Investigation of the Linear Variance Calibration using an idealized stochastic ensemble
One common method to estimate the uncertainly is through the use of meteorological ensembles. These ensembles provide an easily quantifiable measure of the uncertainty in the forecast, usually in the form of the ensemble variance. However, ensembles may not accurately reflect the actual uncertainty in the forecast, so any measure of uncertainty derived from the ensemble should be calibrated to provide a more reliable estimate of the actual uncertainty in the forecast. Past study has introduced the Linear Variance Calibration (LVC) as a simple method of calibration that performs well on historical low-level wind forecasts from the NCEP Short-Range Ensemble Forecast (SREF) system.

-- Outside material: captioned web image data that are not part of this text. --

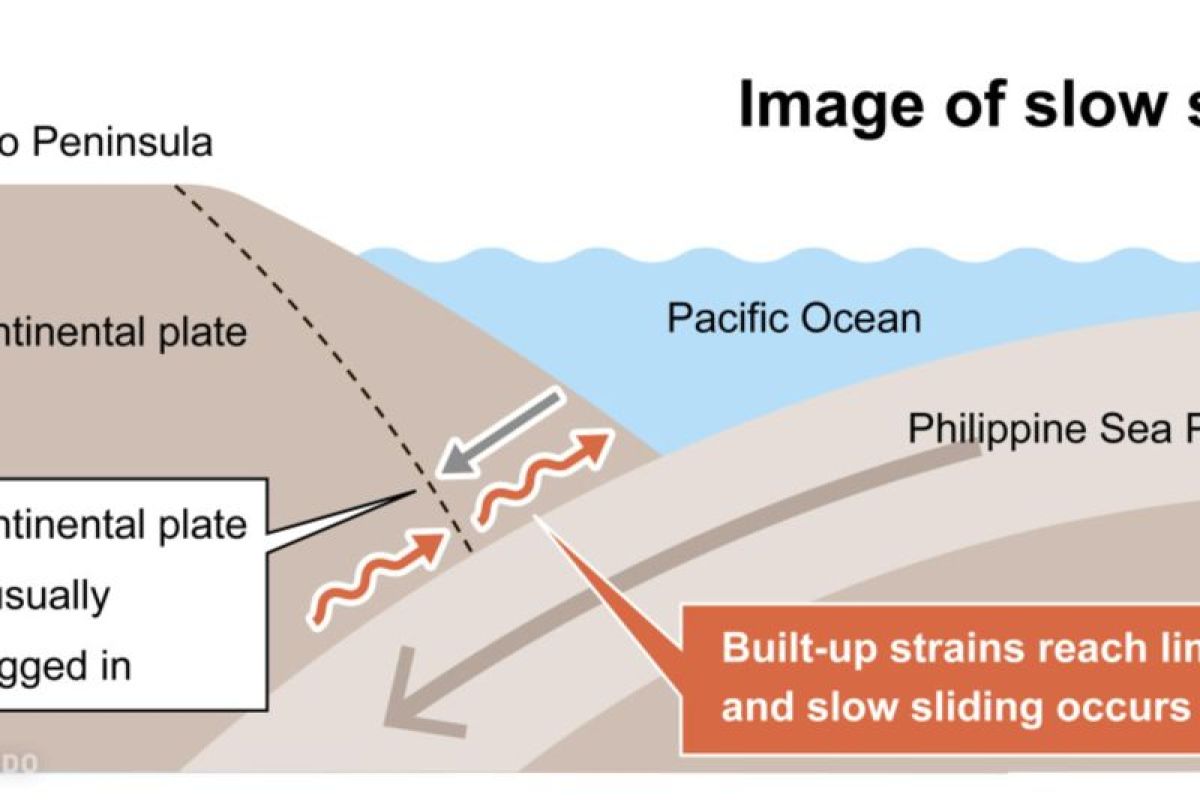 Badan Meteorologi Jepang peringatkan lebih banyak gempa di timur Tokyo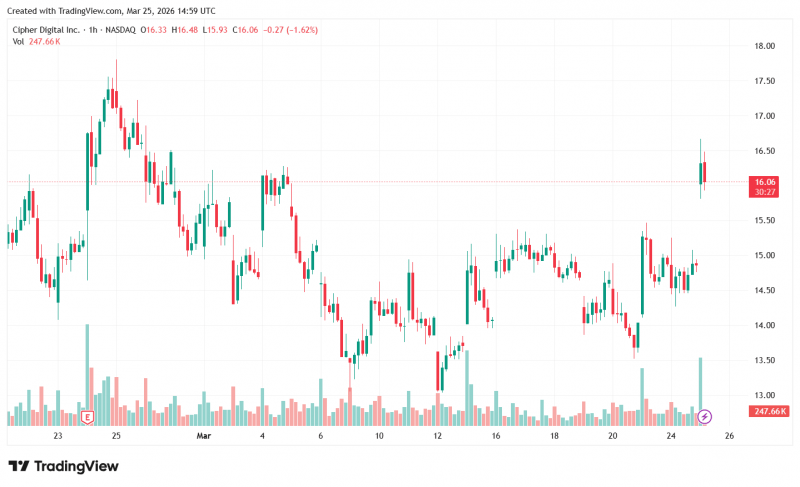 
			Акции Cipher Digital резко выросли на фоне объявления о крупном договоре&nbsp;		
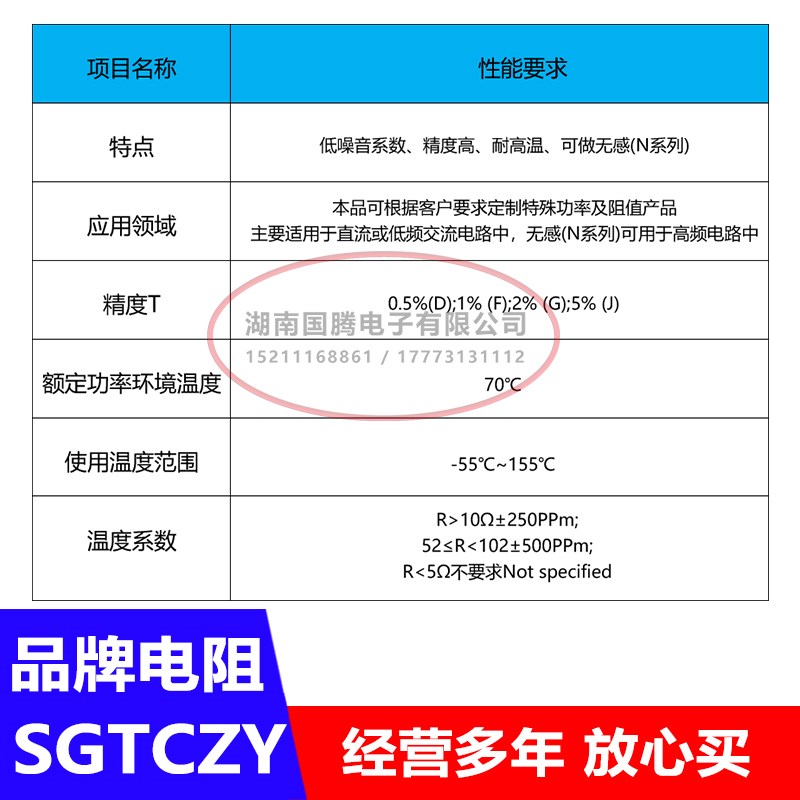 RX21线绕电阻插件直插负载铜脚限流功率1W3W5W10W15W20W0.1欧~30K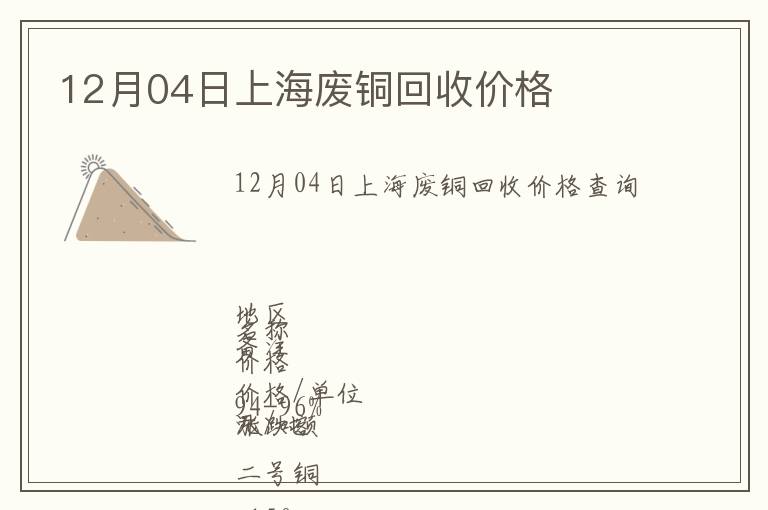 12月04日上海廢銅回收價格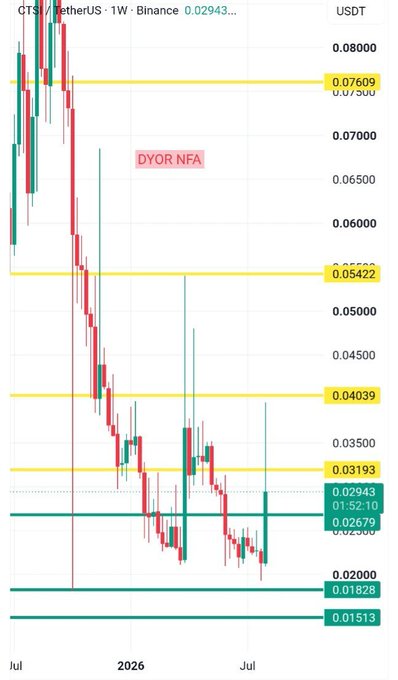 A financial candlestick chart showing CTS/TetherUS price trends in USDT, with yellow and teal horizontal support/resistance lines and a 'DYOR NFA' watermark.
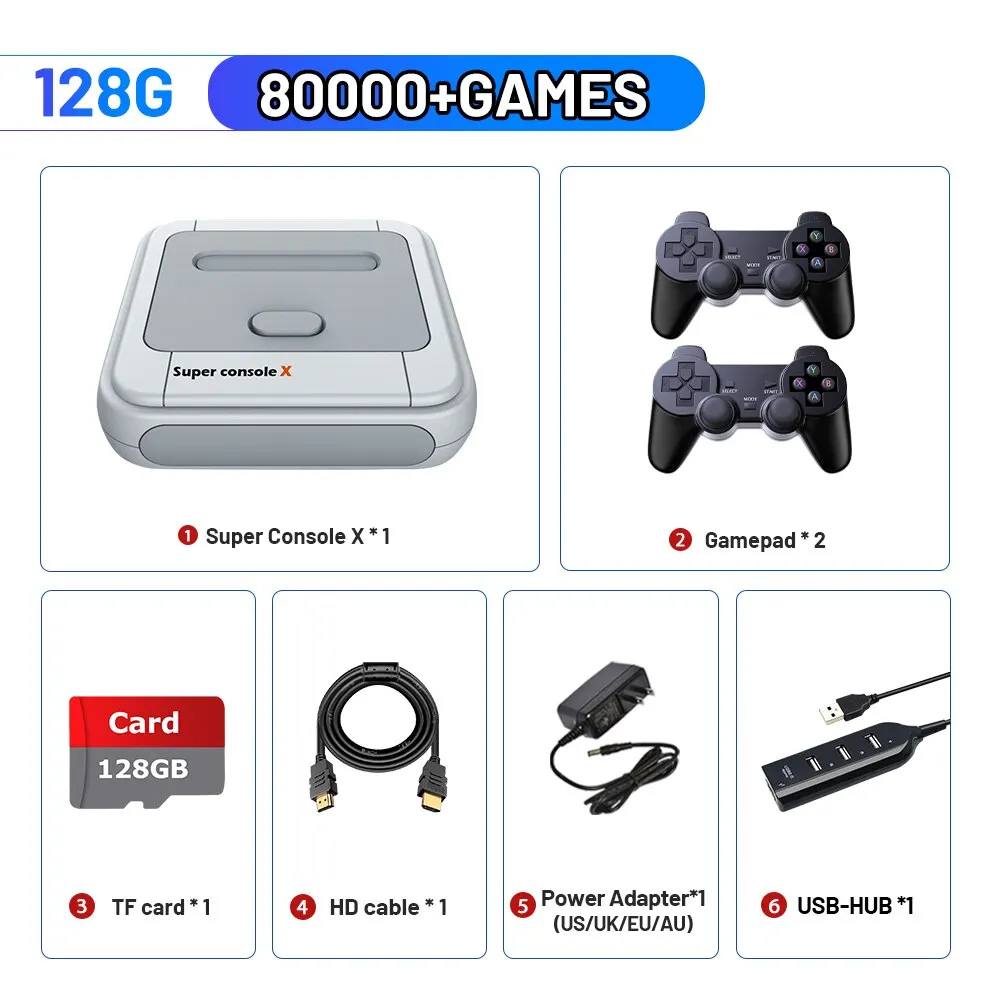 128G
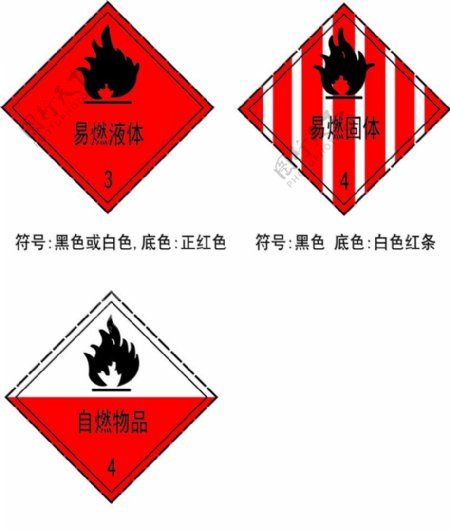 公共标志危险货物包装标志图片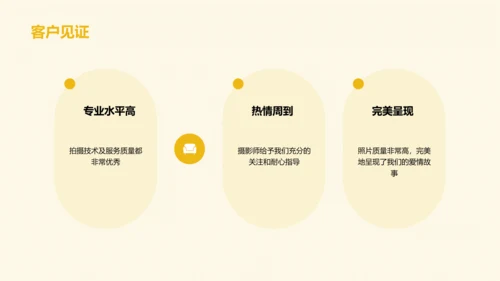 黄色简约婚纱摄影策划PPT模板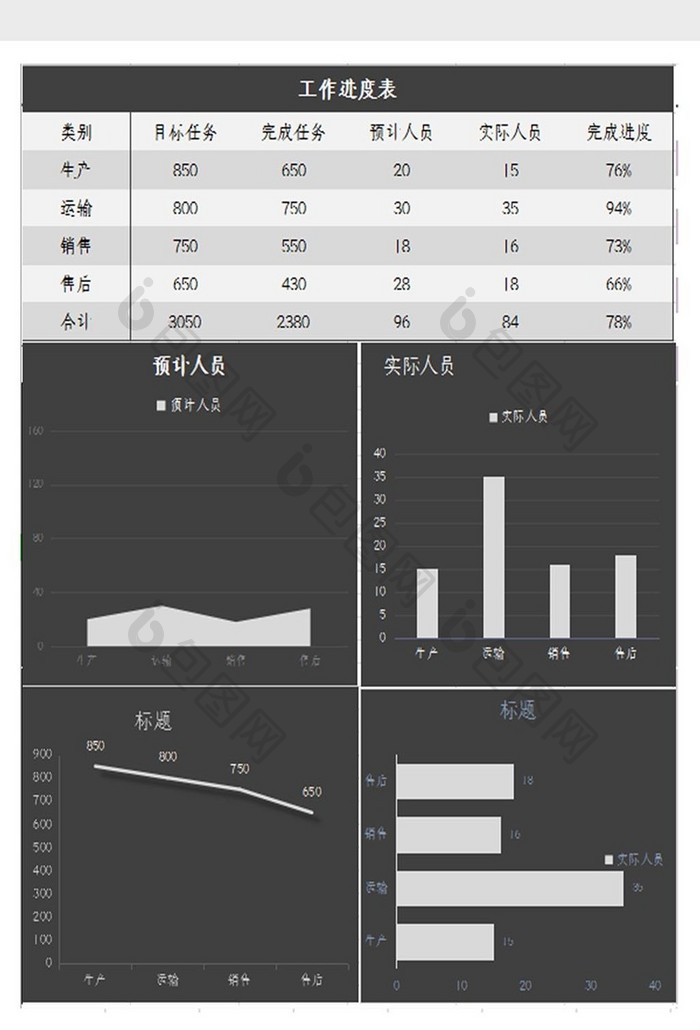 自动生成工作进度完成表Excel模板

This study uses the LVC on an idealized stochastic ensemble to more thoroughly investigate the LVC in a controlled setting. The results show that when using an ensemble of fewer than several hundred (which is most or all operational ensembles), sampling error due to the finite ensemble size causes deviations in the LVC slope and y-intercept even in an otherwise ‘perfect' ensemble where the errors and ensemble members are chosen from the same distribution. This effect is insensitive to observation error modeled as normal white noise, which only increases the y-intercept by the variance of the noise. As the ensemble increases in size, the LVC slope and y-intercept approach their ideal values. We also investigate the formulation of an expression that will estimate the infinite-member equivalent of finite-member ensemble LVC parameters, which would provide a fair assessment of an ensemble's second-order moment performance.